WORK REQUEST: Restate, exactly as written, the entries below from the line that holds "Сергія Мельничука звільнили з-під варти" through the line that holds "Used 2016 Chevrolet Malibu LS FWD image 10". Pictures are not part of the copy.

═══ TASK MATERIAL

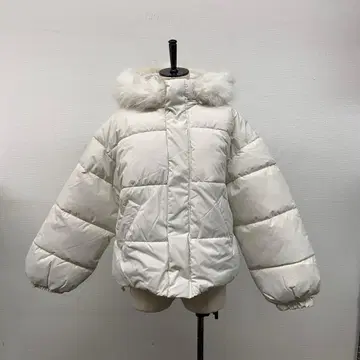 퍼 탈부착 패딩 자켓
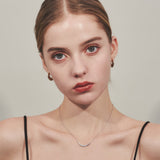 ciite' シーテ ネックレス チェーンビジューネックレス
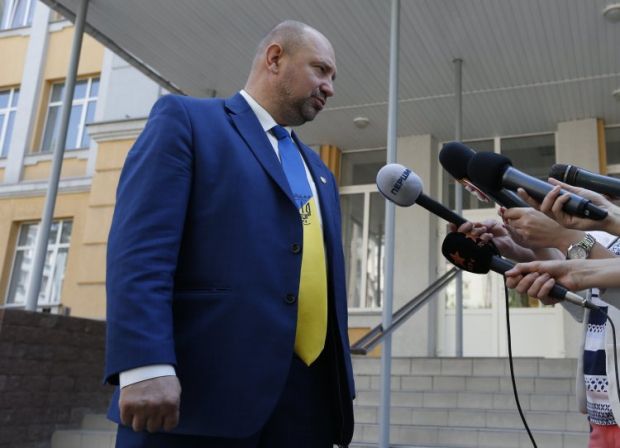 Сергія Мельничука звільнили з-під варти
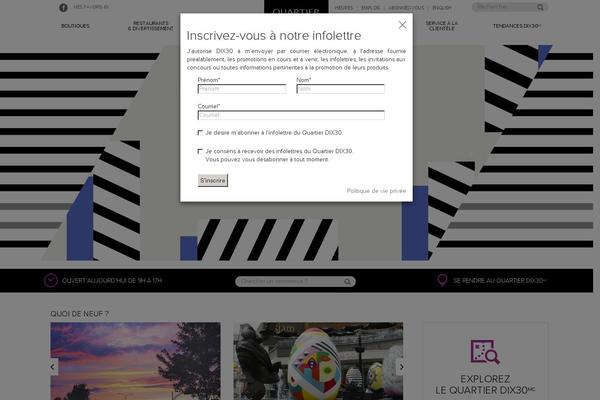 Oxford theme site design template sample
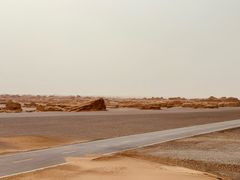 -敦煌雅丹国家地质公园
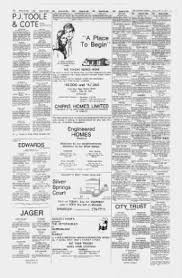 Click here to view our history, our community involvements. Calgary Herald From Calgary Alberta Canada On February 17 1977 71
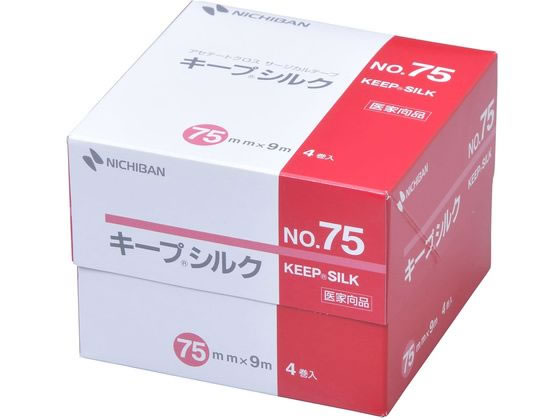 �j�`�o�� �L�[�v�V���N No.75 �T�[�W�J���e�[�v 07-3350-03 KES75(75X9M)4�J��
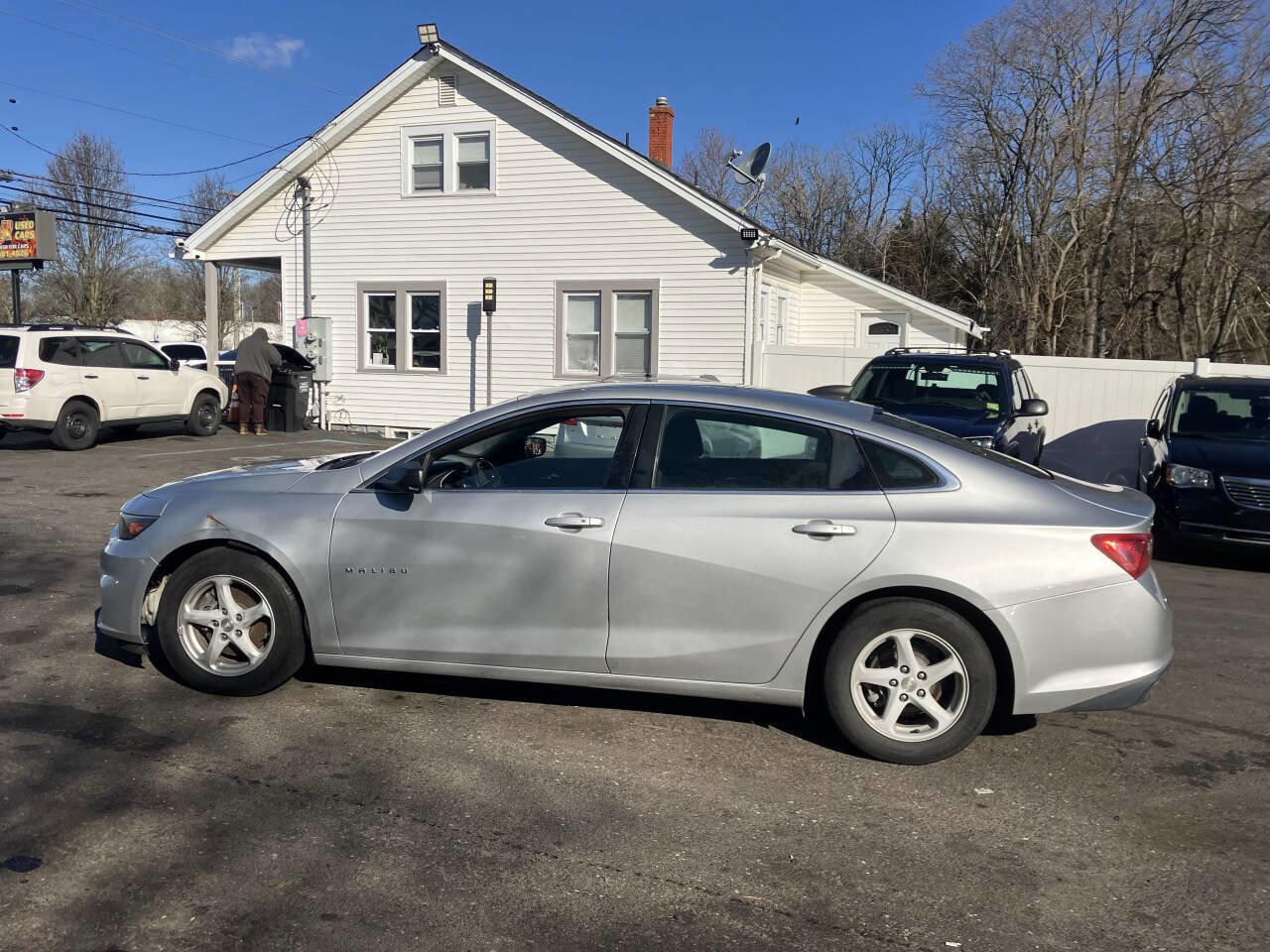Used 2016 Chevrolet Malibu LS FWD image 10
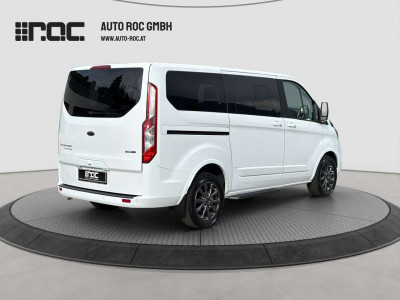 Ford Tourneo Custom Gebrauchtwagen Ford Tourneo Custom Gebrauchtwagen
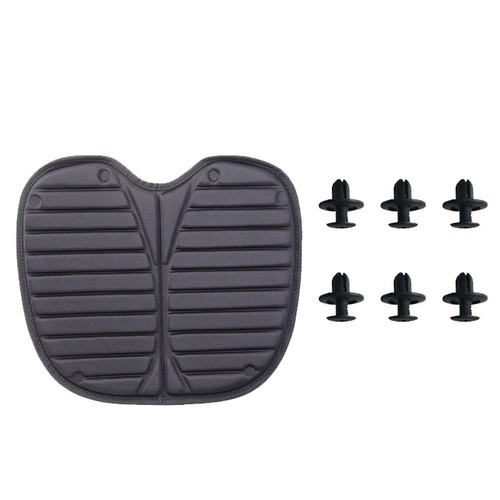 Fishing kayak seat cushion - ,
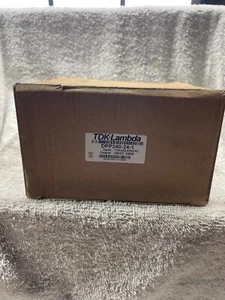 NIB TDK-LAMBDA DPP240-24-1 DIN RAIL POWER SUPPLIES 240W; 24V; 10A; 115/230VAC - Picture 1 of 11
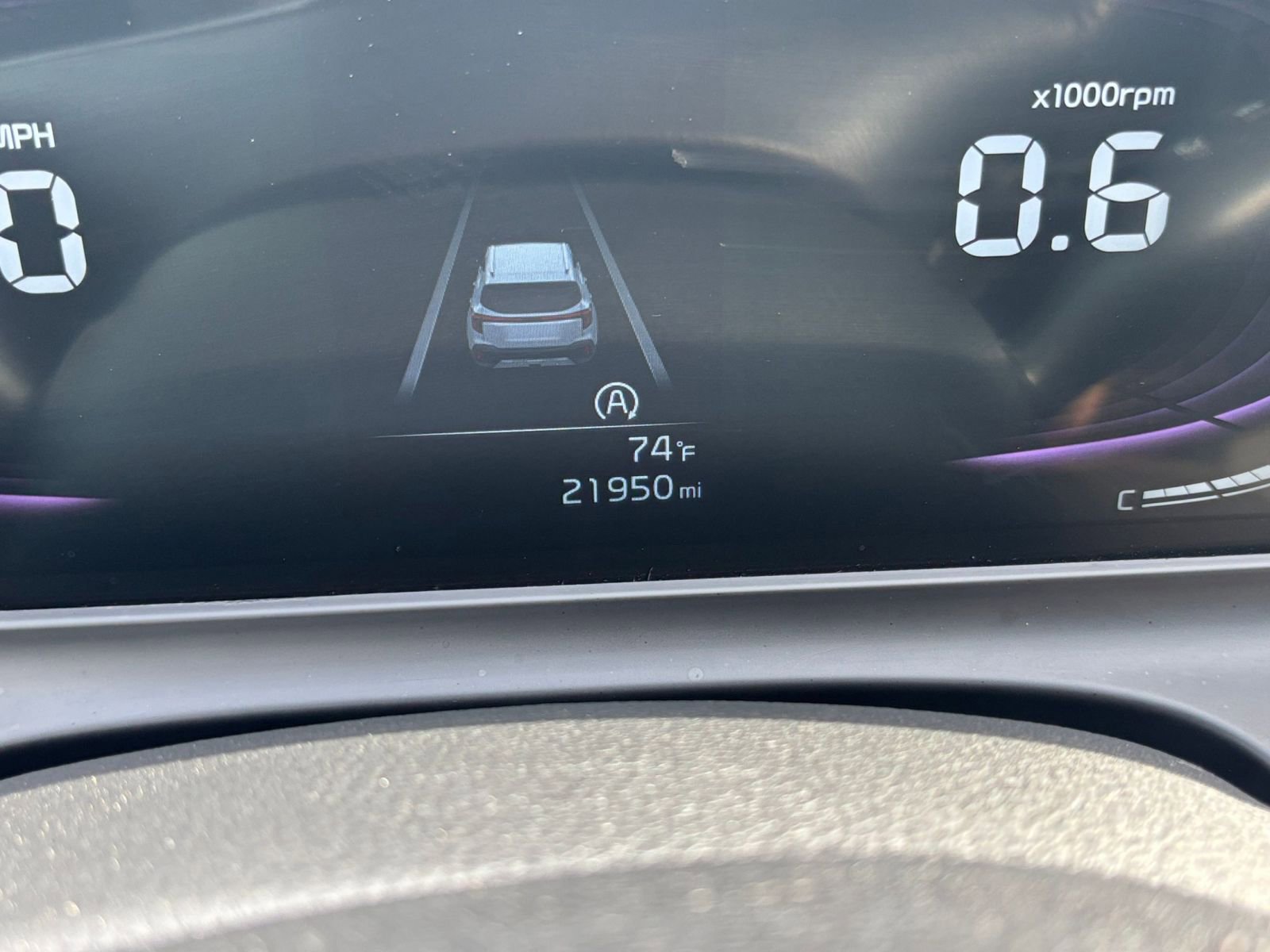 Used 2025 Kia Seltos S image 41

══════

OUTPUT BELOW:
 Сергія Мельничука звільнили з-під варти
 Oxford theme site design template sample
 -敦煌雅丹国家地质公园
 Click here to view our history, our community involvements. Calgary Herald From Calgary Alberta Canada On February 17 1977 71
 �j�`�o�� �L�[�v�V���N No.75 �T�[�W�J���e�[�v 07-3350-03 KES75(75X9M)4�J��
Used 2016 Chevrolet Malibu LS FWD image 10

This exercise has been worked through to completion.